Not blaming Microsoft’s ThreadX here for the overheating 🙂
By simply placing the processor on the bottom of the board, effective cooling could have been provided with just a thermal pad — no extrusion, no heatsink.
Looks like they did a good job with what they were given.
As Friendlyelec was advised to do and started the trend.
I still maintain that you should use active cooling if you’re using it in a desktop or high CPU load situation. I run a inaudible fan case on mine with heatsink on all the hot chips and only rise 25C over ambient when running SBC Bench at default clocks. Idle temps are 6-8C over ambient. I haven’t tried OCing but I suspect it’d be fine and wouldn’t come close to throttling.
Fans are only a solution to saves *space* while trading noise and long-term reliability. When you can achieve a comparable result without a fan it’s always a better solution.
> only rise 25C over ambient when running SBC Bench at default clocks.
33°C over ambient here with a slight ‘overclock’ to 1850 MHz (at 0.9V) and a complete passively cooled enclosure comparable to the one reviewed above: https://www.cnx-software.com/2020/01/29/raspberry-pi-4-benchmarked-with-32-bit-and-64-bit-debian-os/#comment-570469
So what’s the point having a fan?
Well, as you pointed out, only the main chip is being cooled here. A fan is most likely passing air over the entire board. It was also far cheaper than what was reviewed here.
https://www.amazon.com/gp/product/B07T2CPC2H/
Better cooling for less money.
> only the main chip is being cooled here
Sure, but there exist passive enclosures which cost a fraction of the above solution that take care of that (hint: I linked to such a thing directly above)
Well, it’s your choice, but mine is both fanless and cheaper: https://www.ebay.com/itm/CNC-Aluminum-Alloy-Protective-Case-Kit-Enclosure-Metal-Shell-For-Raspberry-Pi-4/163793095855
Plus 3cm fans become extremely noisy after a few months of work and possibly generate as much heat as they are able to move.

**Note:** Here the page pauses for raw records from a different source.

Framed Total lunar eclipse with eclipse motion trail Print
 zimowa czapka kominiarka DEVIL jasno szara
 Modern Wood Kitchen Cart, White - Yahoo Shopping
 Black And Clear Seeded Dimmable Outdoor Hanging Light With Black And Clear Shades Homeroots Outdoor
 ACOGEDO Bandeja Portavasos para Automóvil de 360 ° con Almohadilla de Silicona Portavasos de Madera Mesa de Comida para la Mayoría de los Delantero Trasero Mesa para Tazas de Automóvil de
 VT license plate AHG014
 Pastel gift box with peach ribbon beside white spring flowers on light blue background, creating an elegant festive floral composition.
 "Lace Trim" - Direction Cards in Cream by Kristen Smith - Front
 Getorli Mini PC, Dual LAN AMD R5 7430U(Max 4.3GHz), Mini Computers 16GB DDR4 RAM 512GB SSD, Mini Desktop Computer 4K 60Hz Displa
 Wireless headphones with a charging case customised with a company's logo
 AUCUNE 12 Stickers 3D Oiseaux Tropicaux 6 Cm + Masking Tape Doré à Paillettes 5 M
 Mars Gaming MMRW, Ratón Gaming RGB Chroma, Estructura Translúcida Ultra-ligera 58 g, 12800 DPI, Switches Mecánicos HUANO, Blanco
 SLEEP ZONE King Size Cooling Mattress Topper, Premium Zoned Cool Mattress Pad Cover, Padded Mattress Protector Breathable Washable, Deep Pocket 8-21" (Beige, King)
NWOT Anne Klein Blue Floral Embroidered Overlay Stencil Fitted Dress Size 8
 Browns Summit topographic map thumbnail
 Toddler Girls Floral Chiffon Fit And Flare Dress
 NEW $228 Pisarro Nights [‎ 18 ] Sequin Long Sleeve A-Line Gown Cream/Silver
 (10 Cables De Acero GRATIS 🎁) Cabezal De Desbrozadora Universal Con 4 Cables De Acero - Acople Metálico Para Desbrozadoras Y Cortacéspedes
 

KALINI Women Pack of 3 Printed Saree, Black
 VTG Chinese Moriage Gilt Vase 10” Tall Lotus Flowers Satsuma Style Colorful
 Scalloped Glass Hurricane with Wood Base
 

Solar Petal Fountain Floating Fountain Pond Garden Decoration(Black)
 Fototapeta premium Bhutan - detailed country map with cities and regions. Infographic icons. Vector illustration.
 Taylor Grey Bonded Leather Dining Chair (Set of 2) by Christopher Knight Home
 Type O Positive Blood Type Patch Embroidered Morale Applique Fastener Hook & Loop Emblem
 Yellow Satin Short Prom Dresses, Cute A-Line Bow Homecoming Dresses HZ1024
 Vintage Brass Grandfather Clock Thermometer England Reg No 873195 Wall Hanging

As long as it meets your expectations it’s fine though.
If it makes no noise it cant be good kinda logic???
You don’t need a 7000 rpm jet fan to cool it. Just a gentle air flow is enough. It’s under 10 watts at 100% load.
10W? 2A at 5V?
What most of the reviews of Raspberry Pi cases are missing is whether or not the PoE Hat can be used with the case! I now have 2 different aluminum Pi4 cases that do not allow use with the PoE Hat.
Probably because of the board’s design, if the hat goes over the CPU there’s no more room for a heat sink nor for a thermal connection to the outside world. I tend to think that using a very large and very soft silicone thermal pad on the bottom could drain most of the heat from the PCB itself. It would also collect part of the heat generated by the PMIC. I’ve already experimented with sucking heat from the other side on some boards (e.g. NanoPi Fire3), and it doesn’t work that bad. You just need to use a very large pad.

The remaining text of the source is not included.